== Task to carry out ==
Repeat the data word for word and skip the pictures.

== Given data ==
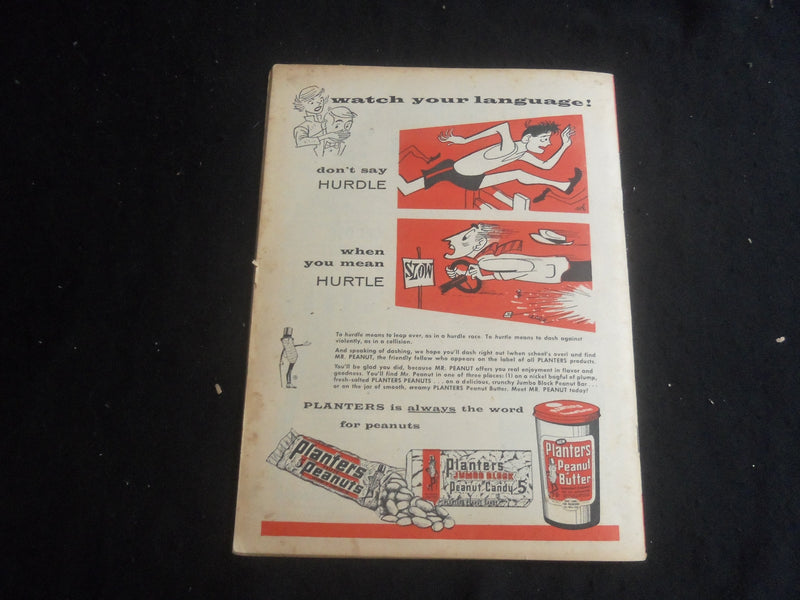 1955 MARCH 9 PRACTICAL ENGLISH MAGAZINE- CAROL HEISS COVER - B 5536P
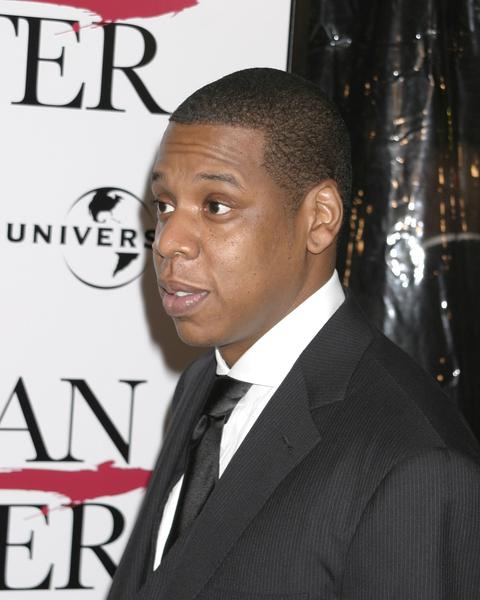 Jay-Z<br>American Gangster New York Premiere - Arrivals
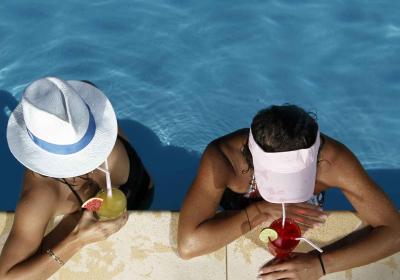 Détente à Serre Chevalier Vallée Briançon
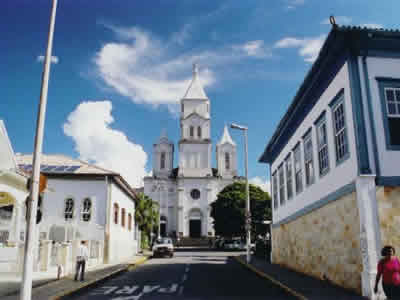Conexão Itajubá - Igreja Nossa Senhora da Soledade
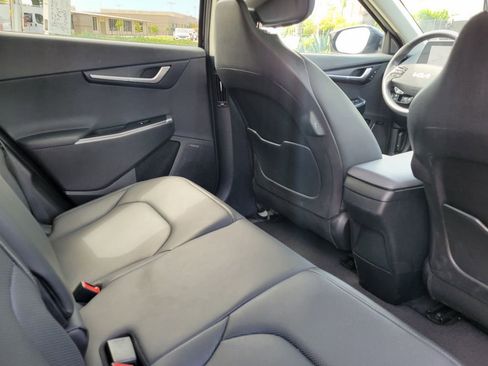 Certified 2023 Kia EV6 Wind w/ Wind Technology Package RWD image 8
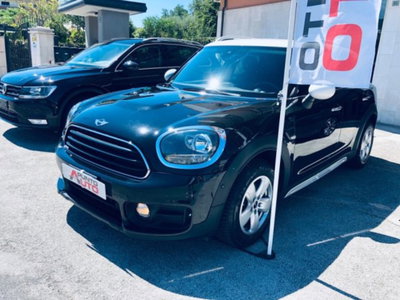 MINI Mini Countryman 2.0 Cooper D Business Countryman (14)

== Solution to this exercise ==
 1955 MARCH 9 PRACTICAL ENGLISH MAGAZINE- CAROL HEISS COVER - B 5536P
 Jay-Z<br>American Gangster New York Premiere - Arrivals
 Détente à Serre Chevalier Vallée Briançon
Conexão Itajubá - Igreja Nossa Senhora da Soledade
 Certified 2023 Kia EV6 Wind w/ Wind Technology Package RWD image 8
 MINI Mini Countryman 2.0 Cooper D Business Countryman (14)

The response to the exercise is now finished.